RECORDS TO USE:

○ ○ ○

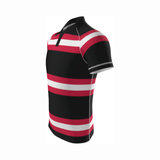 Rugby Jersey Tapered Fit - Design 3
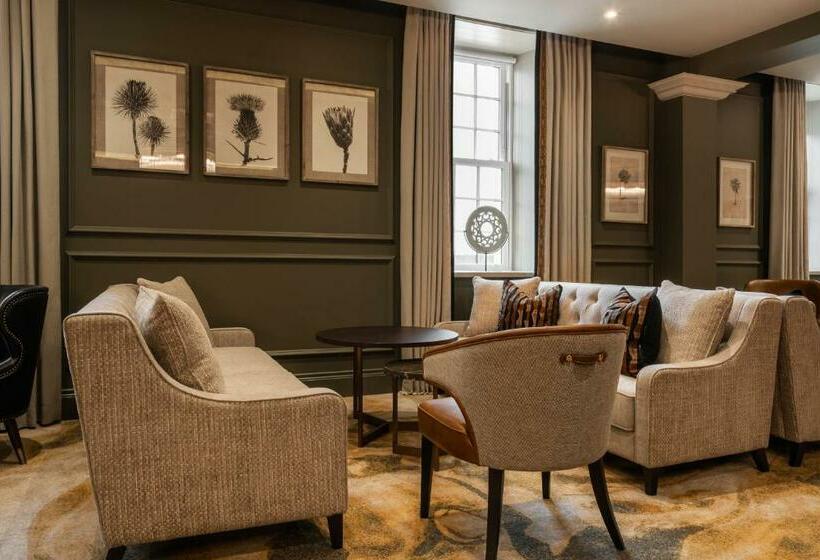 호텔 The Ebrington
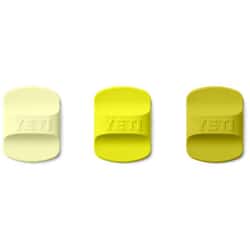 Yeti Magslider Pack Firefly Yellow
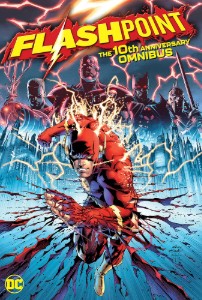 Flashpoint Omnibus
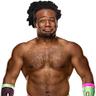 Xavier Woods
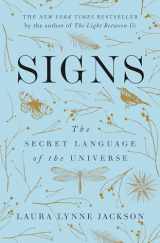 9780399591594-0399591591-Signs: The Secret Language of the Universe
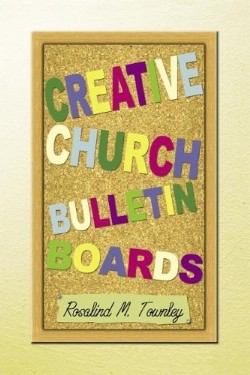 9780788023590 Creative Church Bulletin Boards
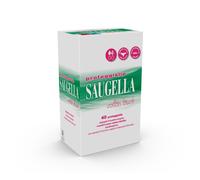 Saugella Cotton Touch - Proteggi Slip - 40 Pezzi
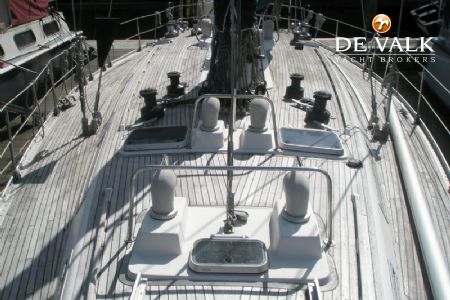 CENTURION 47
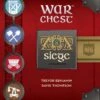 War Chest Siege 1 War Chest Siege -Board Games AEG7071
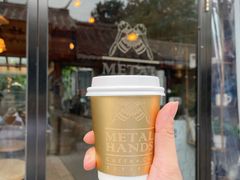 -METAL HANDS(五道营店)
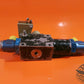2380059-16 Learjet Parking Brake Valve Assy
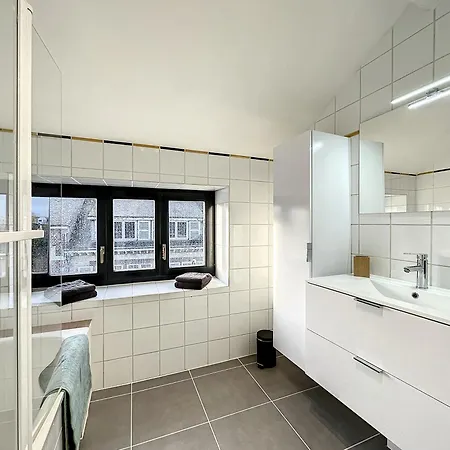 Le Cocon De Duplex Cosy A Deux Pas Des Grotte דירה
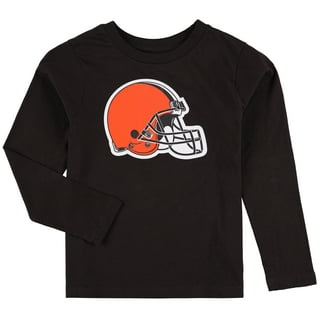 3t browns jersey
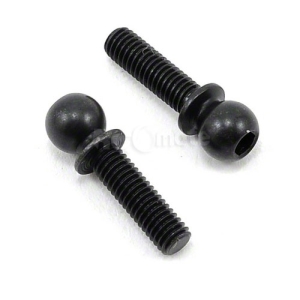 362652 4.9mm Ball End (2) (10mm Thread) / XB4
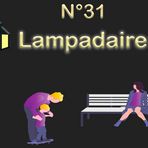 N° 31 lampadaires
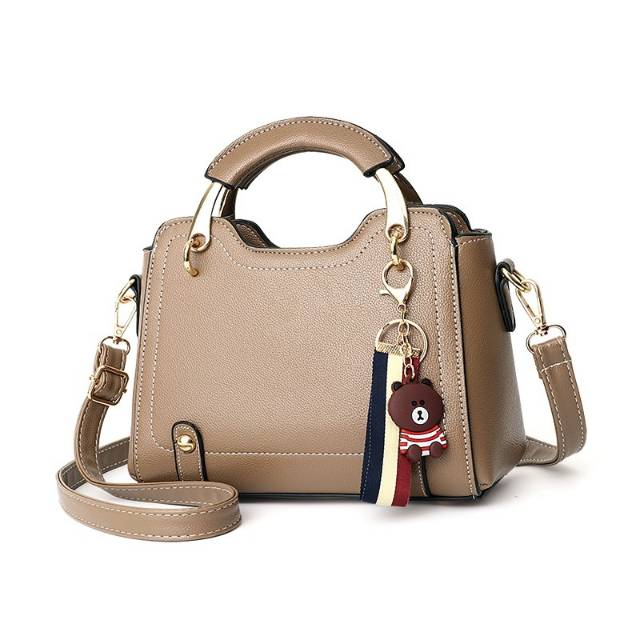 201071 Handbag Cewek Tas Selempang Wanita Import Slingbag Cewe Impor (1 KG MUAT 2) BQ2177 CR7218 LT1299 GT1623 B629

○ ○ ○

PROBLEM:
Reproduce every record above exactly, omitting the pictures.

OUTPUT BELOW:
 Rugby Jersey Tapered Fit - Design 3
 호텔 The Ebrington
 Yeti Magslider Pack Firefly Yellow
 Flashpoint Omnibus
 Xavier Woods
 9780399591594-0399591591-Signs: The Secret Language of the Universe
 9780788023590 Creative Church Bulletin Boards
 Saugella Cotton Touch - Proteggi Slip - 40 Pezzi
 CENTURION 47
 War Chest Siege 1 War Chest Siege -Board Games AEG7071
 -METAL HANDS(五道营店)
2380059-16 Learjet Parking Brake Valve Assy
 Le Cocon De Duplex Cosy A Deux Pas Des Grotte דירה
 3t browns jersey
 362652 4.9mm Ball End (2) (10mm Thread) / XB4
 N° 31 lampadaires
 201071 Handbag Cewek Tas Selempang Wanita Import Slingbag Cewe Impor (1 KG MUAT 2) BQ2177 CR7218 LT1299 GT1623 B629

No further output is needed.